I would love to see you use Jitsi and contribute back, where possible.

Also, if you move on for reasons that aren't bike-shedding then I'd love to know what the architectural/technical reasoning is.

The main reason to consider something different to Jitsi is to directly use Matrix for decentralised e2ee signalling to manage the media streams, and allow hybrid SFU and MCU models (like hangouts or zoom) rather than pure SFU like Jitsi. We do like Jitsi though and already contribute directly and indirectly - Jitsi’s E2EE is derived from Matrix, and the Matrix community just contributed a tonne of a11y fixes to it that just landed. But we’d still like a fully decentralised Matrix-native group call solution eventually.
Wonderful! I think you've answered any questions I might have already.
If you do AGC, you'll already be more usable than Discord, who apparently refuse to implement this. Whenever we're voice chatting in my group, it's extremely annoying that one person is quiet as a whisper and the other is AT 200% VOLUME AND CLIPPING.
The risk on AGC is that unless combined with good voice activation you can end up amplifying background noise and then deafening people when they start speaking. But yup, we'd definitely want to do this.
Oh, sorry, you meant input normalization, of course. Please please please also add output normalization, so all people in a room sound at the same volume!

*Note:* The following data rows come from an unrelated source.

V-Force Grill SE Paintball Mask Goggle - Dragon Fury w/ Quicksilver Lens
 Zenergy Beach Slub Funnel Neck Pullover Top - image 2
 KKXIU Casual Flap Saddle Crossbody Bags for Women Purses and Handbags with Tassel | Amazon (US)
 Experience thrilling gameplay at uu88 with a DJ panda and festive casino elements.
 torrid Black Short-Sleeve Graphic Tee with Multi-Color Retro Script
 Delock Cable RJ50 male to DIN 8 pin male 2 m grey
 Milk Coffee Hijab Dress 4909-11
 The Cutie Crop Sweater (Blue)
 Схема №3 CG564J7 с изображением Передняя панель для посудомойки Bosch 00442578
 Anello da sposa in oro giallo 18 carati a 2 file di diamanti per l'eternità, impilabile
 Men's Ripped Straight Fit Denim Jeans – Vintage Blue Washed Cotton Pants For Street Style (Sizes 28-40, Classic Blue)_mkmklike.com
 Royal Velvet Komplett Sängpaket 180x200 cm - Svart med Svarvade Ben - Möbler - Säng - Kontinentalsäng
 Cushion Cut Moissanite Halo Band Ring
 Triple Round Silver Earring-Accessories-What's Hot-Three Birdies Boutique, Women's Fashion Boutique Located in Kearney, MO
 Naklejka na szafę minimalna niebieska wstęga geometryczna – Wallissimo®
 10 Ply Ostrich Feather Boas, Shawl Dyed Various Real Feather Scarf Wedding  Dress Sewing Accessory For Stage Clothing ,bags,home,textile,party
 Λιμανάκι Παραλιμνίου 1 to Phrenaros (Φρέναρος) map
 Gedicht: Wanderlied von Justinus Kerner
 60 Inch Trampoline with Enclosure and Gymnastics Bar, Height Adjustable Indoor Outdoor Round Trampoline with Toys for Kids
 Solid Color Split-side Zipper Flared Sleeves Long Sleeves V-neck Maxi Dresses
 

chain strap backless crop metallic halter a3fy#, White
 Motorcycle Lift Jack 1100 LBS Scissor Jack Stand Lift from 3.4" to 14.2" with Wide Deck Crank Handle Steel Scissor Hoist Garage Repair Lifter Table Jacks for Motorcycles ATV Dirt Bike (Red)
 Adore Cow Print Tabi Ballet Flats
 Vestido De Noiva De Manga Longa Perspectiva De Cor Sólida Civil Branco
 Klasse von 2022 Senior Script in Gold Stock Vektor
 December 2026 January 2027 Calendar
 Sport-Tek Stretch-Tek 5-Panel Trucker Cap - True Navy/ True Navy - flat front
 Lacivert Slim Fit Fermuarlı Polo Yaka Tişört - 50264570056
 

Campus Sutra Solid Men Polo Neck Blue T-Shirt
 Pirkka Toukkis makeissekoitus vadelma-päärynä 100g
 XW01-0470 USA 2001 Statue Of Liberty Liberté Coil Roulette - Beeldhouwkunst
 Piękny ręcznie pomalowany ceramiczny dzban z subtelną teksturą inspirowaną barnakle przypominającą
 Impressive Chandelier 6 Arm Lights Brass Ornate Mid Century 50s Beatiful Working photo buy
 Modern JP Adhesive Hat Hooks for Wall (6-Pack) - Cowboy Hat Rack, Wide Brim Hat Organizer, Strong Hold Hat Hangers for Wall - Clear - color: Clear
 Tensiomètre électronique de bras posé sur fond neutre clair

I think it depends on which perspective your inputs/outputs are coming from ;) The way for all people in a room to sound at the same volume is to normalise the audio you capture from them. If you normalise the mixed signal you play back to the other users in the room, it's too late (at least if they speak over the top of each other), plus it'd be too hard as you'd be constantly yoyoing around.
Oh hmm, that's true, thanks for the clarification.